Pero vayamos a lo práctico: los Reyes Católicos, Franco y Hitler culparon a los judíos (en mayor o menor medida, pero Hitler rompió récords y llevó a cabo una campaña de aniquilación contra ellos nunca vista); Carlos III, María Cristina de Nápoles y Manuel Azaña, hicieron lo propio con los jesuitas, que fueron expulsados hasta tres veces de España. Stalin culpó a todo el mundo y fue liquidando a todo aquel que él consideraba traidor, un concepto que fue cambiando a lo largo de su vida según variaba su modo de ver a quienes amenazaban su poder omnímodo.
En Cuba todos los males se achacan al imperialismo americano; en Estados Unidos, Donald Trump ve como origen de todos los males a los inmigrantes, a Biden, a Obama, y a los chinos (y no necesariamente por este orden, varía según el día); Putin tiene fijación con el depravado occidente, pero el récord se lo lleva el régimen chavista de Venezuela. El país sufre constantes apagones a causa de la falta de inversiones en la red eléctrica.
La cosa viene de lejos: comenzó en 2008 y sigue hasta nuestros días. Y, según el Gobierno, son varios los culpables de estos males: los americanos, por supuesto, y también la derecha colombiana, pero el récord se lo llevan los animales (esto no lo veían venir, ¿eh?). Primero culparon a una iguana, aunque nadie supo explicar muy bien por qué un reptil herbívoro que casi no tiene dientes, se puso a comer cable como un loco; después le echaron la culpa a una bandada de golondrinas, quienes no jugaron, llamando con el ala a sus cristales, al estilo de la rima de Bécquer, sino que causaron un problema mayor: la suspensión del servicio en el estado de Mérida. Pero, por lo visto, estos no fueron los únicos animales entrenados para dejar sin luz a los venezolanos: una zarigüeya, que es como una especie de rata grande (que me perdonen los expertos por comparar a un roedor con un marsupial), dejó sin luz a Ciudad Guyana.

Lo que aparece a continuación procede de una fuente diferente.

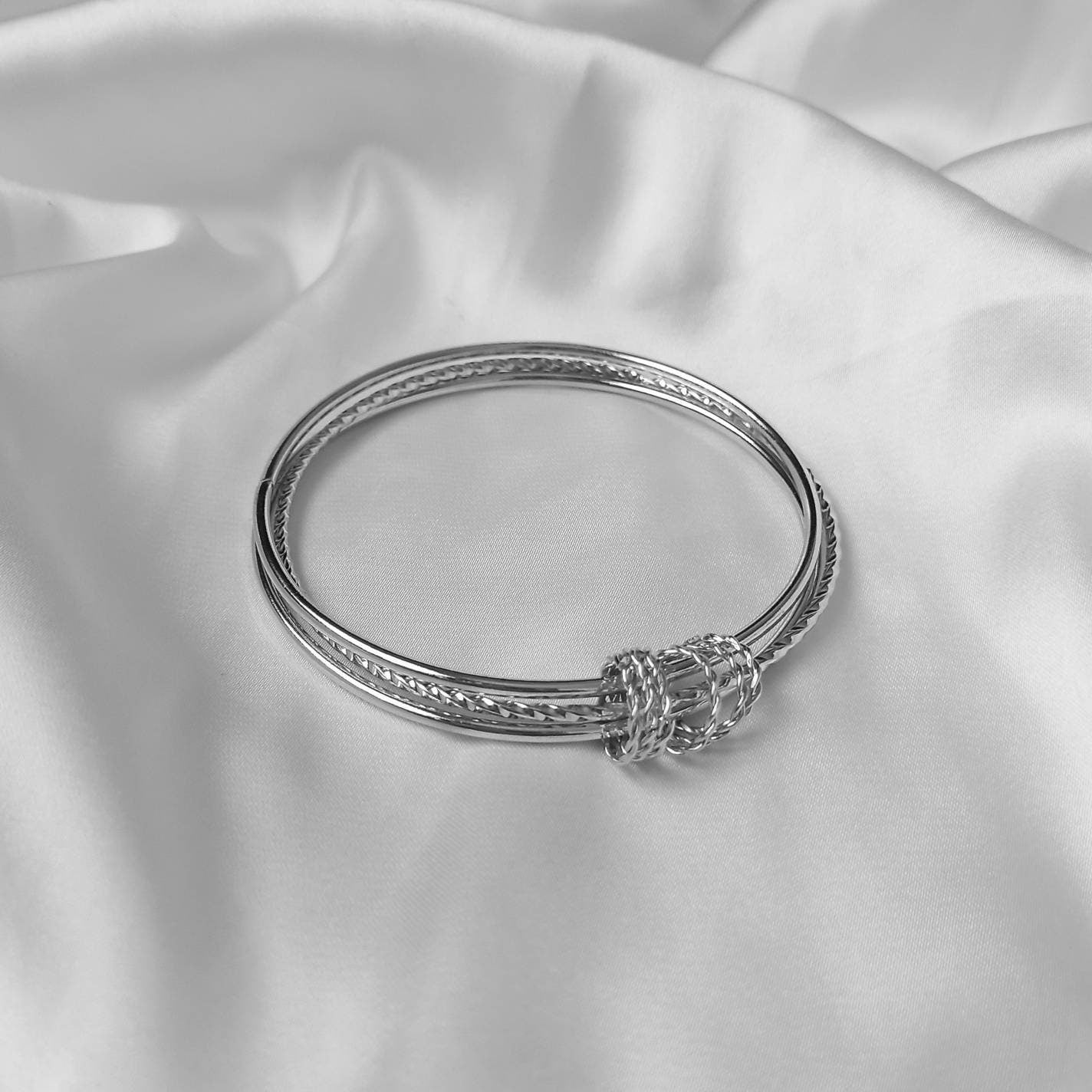 Silver Bangle Bracelet - Silver Jewellery, Silver Accessories, Silver Bangle, Bangle Jewellery, Minimal Bangle Bracelet, Gift For Her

En España somos especialistas también en culpar a otros: Irene Montero, por ejemplo, achaca a los jueces una y otra vez el enorme agujero legal de su ‘Ley del sólo sí es sí’ que ha permitido dejar en la calle de manera anticipada a más de mil cuatrocientos agresores sexuales. Y en Valencia, las administraciones se lanzan unas contra otras la responsabilidad por la inacción y la nefasta gestión que causó 227 muertos. El presidente Mazón todavía no ha explicado, además, por qué estuvo desaparecido varias horas de aquella fatídica tarde.
El último ejemplo de esta mala costumbre lo hemos visto estos días: nadie sabe decir cuál fue la causa del apagón masivo que dejó a España y a Portugal sin luz, pero Pedro Sánchez ya ha señalado a los posibles culpables: a “los operadores privados” del sector. Lo que no dice el presidente del Gobierno es que el estado tiene un veinte por ciento del capital de Red Eléctrica, y que nada se mueve en ese mundo sin que lo indique el Ministerio para la Transición Ecológica. El problema, como bien ha señalado el exministro socialista, Jordi Sevilla, es haber hecho un plan energético atendiendo especialmente al “mesianismo renovable”, sin escuchar las advertencias de los técnicos. Ya lo decía Concepción Arenal: “Cuando la culpa es de todos, la culpa no es de nadie”. Será de los dioses, entonces.